Cognizant of her own experience, and addingshe lost her father to cancer in the 1980s, Fassino said more people are surviving today than ever before. She also shared that four years after her breast cancer diagnosis, she was diagnosed with thyroid cancer.

“I thought, ‘Well, I can’t just work for breast cancer fundraising and awareness,’” she said.

After diagnosis, when she walked out of the doctor’s office, she told her husband she wanted “to be able to help the next person who goes through this.”

Part of Fassino’s recovery has included exercise. She has practiced Tai Chi and yoga for their beneficial effects.

“The mind is a very powerful thing,” she said, adding her doctor told her “your attitude is 90 percent of what will heal you.”

“That has rang true for me and other people I know,” Fassino said. “Positivity breeds positivity. I may not have been as positive before my diagnosis, but I think I certainly evolved into a more positive person through this.

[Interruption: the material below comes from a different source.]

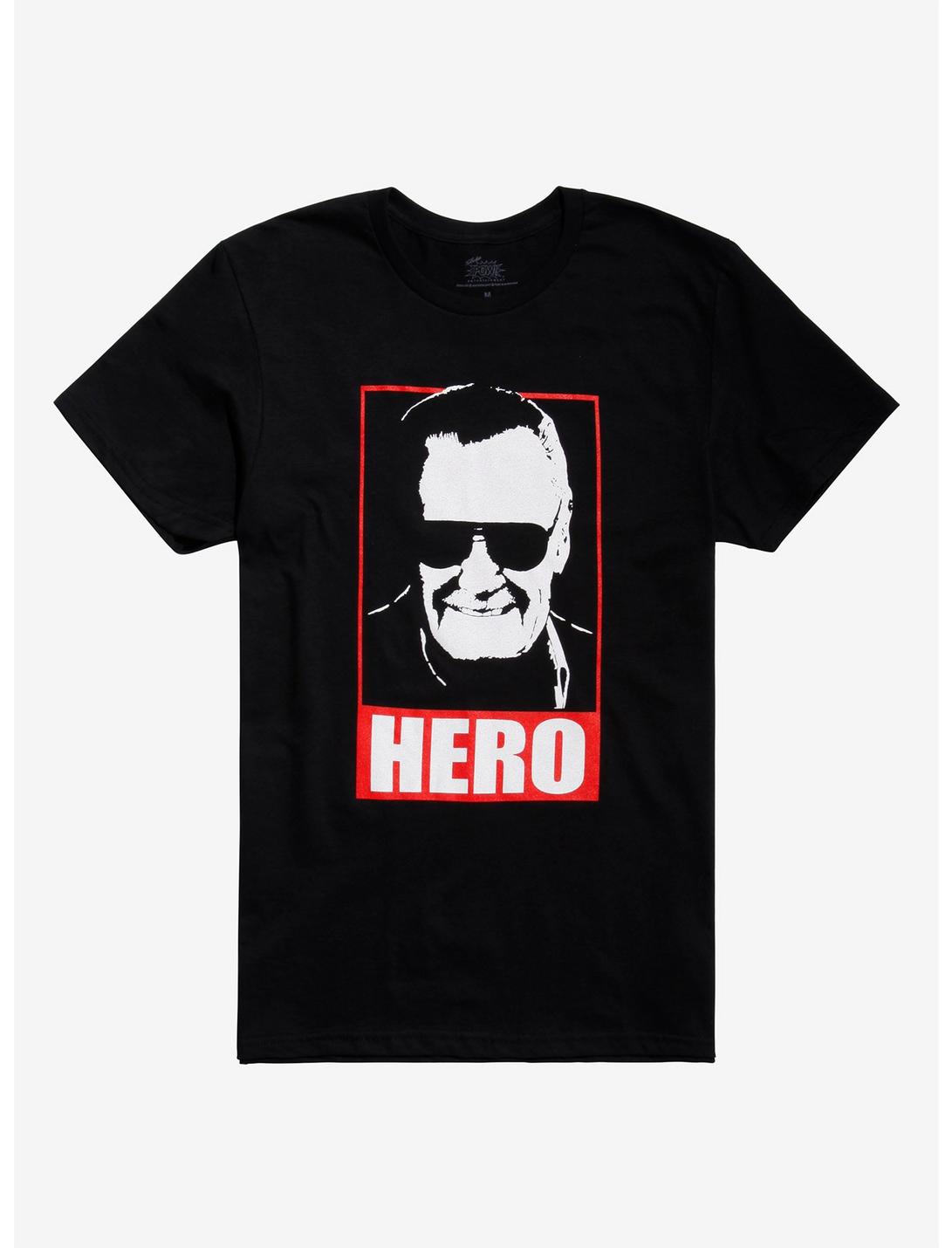 Stan Lee Hero T-Shirt, BLACK, hi-res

“Faith, family, friends and community were also a major part of my healing, as well,” she added.

Fassino credits her husband, Gary, and their children, Steve and Rachel, for being so supportive throughout her breast cancer journey. Her family has been involved in several of her activities, including being active with Relay For Life, where she has been a team captain for 15 years.

Fassino said she is glad to share her story to help others, noting she has spoken at churches, schools and community events.

“Every day you’ve got to just go forward and be thankful and grateful — and I am,” Fassino said.